» **Problem to solve**
Retype, word for word, each line between the lines holding "Мошеннические лекарства: как" and "[35-233091] Bilstein B6", inclusive, and leave the rest of the data alone.

Data records:
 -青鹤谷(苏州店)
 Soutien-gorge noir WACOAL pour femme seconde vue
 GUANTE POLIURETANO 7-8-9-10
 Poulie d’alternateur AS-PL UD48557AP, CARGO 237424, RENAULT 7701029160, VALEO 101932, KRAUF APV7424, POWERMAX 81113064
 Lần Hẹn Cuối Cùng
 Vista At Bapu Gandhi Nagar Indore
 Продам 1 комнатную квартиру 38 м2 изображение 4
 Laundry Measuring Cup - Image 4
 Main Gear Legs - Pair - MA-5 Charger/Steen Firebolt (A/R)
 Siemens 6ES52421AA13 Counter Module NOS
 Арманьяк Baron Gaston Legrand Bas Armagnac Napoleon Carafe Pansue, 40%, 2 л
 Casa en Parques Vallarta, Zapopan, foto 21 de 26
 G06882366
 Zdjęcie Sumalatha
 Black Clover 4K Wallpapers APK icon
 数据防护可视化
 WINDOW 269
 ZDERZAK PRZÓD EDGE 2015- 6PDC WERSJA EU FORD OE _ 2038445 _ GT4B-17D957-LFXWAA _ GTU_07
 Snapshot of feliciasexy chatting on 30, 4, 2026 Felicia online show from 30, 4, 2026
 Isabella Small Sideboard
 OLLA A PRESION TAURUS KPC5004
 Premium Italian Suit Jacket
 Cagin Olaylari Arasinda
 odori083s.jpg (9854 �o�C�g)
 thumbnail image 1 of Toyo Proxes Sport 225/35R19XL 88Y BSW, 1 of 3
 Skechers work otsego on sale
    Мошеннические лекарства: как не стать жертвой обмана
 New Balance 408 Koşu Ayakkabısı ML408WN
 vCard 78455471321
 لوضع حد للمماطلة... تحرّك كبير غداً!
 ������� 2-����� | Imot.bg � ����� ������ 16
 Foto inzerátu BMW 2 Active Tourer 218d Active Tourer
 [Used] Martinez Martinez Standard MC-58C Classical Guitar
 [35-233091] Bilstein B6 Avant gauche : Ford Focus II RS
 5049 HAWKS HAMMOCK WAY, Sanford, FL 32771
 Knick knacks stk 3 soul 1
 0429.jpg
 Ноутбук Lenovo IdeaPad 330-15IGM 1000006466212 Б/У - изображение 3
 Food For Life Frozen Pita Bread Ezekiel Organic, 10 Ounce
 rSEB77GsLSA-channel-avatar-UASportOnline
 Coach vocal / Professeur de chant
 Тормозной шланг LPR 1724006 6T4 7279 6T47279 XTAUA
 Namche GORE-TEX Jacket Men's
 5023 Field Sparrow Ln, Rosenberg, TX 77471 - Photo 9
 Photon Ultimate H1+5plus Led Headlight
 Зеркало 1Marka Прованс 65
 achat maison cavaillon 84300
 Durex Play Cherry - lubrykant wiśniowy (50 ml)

» **Reply**
    Мошеннические лекарства: как не стать жертвой обмана
 New Balance 408 Koşu Ayakkabısı ML408WN
 vCard 78455471321
 لوضع حد للمماطلة... تحرّك كبير غداً!
 ������� 2-����� | Imot.bg � ����� ������ 16
 Foto inzerátu BMW 2 Active Tourer 218d Active Tourer
 [Used] Martinez Martinez Standard MC-58C Classical Guitar
 [35-233091] Bilstein B6 Avant gauche : Ford Focus II RS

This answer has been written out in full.